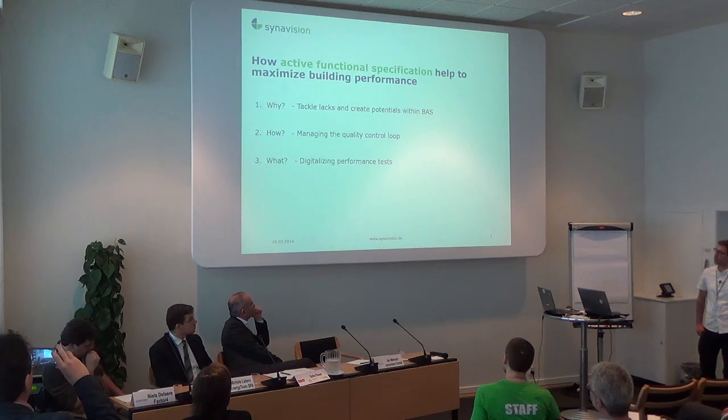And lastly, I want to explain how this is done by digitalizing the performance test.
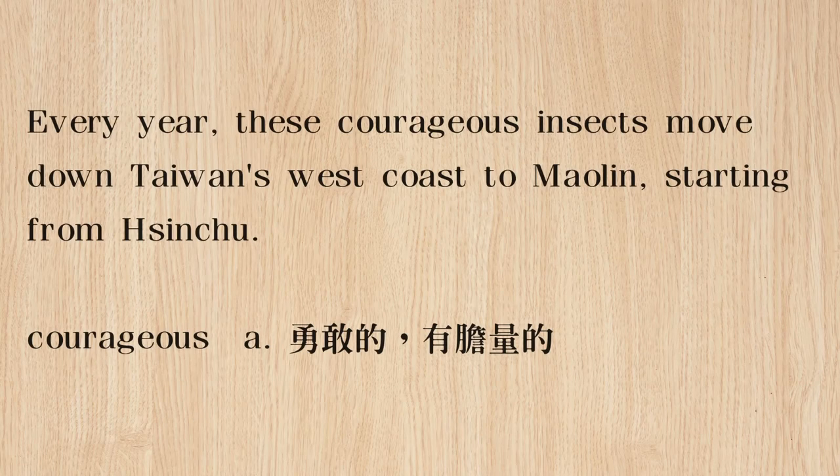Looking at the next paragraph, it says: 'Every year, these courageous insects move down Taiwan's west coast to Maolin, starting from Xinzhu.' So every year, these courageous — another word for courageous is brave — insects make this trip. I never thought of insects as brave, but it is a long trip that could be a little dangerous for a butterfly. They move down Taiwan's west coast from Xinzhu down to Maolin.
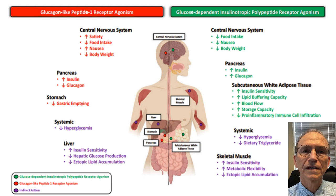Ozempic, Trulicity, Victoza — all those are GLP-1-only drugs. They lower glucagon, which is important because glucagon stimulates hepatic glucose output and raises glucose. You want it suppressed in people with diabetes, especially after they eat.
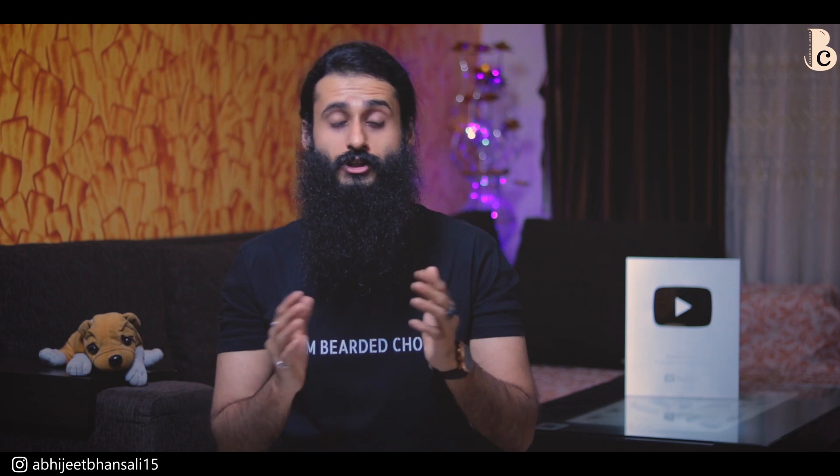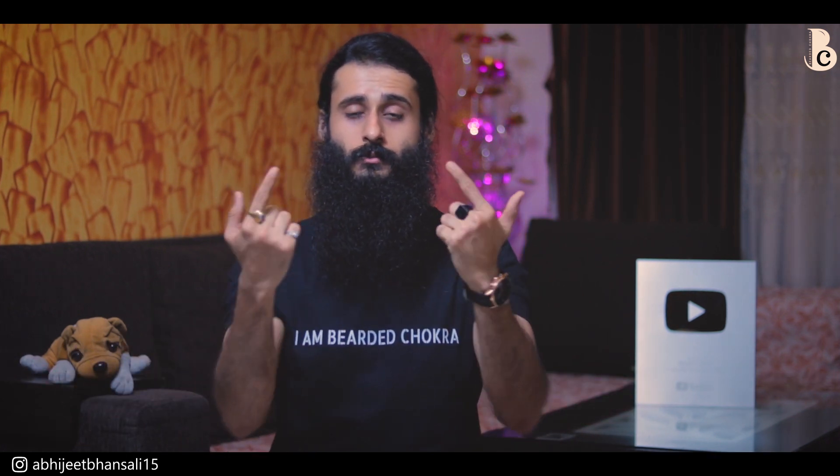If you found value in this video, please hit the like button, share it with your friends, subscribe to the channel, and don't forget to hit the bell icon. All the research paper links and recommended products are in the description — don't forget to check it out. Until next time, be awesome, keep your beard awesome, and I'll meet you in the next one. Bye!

### About this exercise
Any picture in the material is to be dropped; the rest is repeated exactly.

### Solution to the problem
And lastly, I want to explain how this is done by digitalizing the performance test.
Looking at the next paragraph, it says: 'Every year, these courageous insects move down Taiwan's west coast to Maolin, starting from Xinzhu.' So every year, these courageous — another word for courageous is brave — insects make this trip. I never thought of insects as brave, but it is a long trip that could be a little dangerous for a butterfly. They move down Taiwan's west coast from Xinzhu down to Maolin.
Ozempic, Trulicity, Victoza — all those are GLP-1-only drugs. They lower glucagon, which is important because glucagon stimulates hepatic glucose output and raises glucose. You want it suppressed in people with diabetes, especially after they eat.
If you found value in this video, please hit the like button, share it with your friends, subscribe to the channel, and don't forget to hit the bell icon. All the research paper links and recommended products are in the description — don't forget to check it out. Until next time, be awesome, keep your beard awesome, and I'll meet you in the next one. Bye!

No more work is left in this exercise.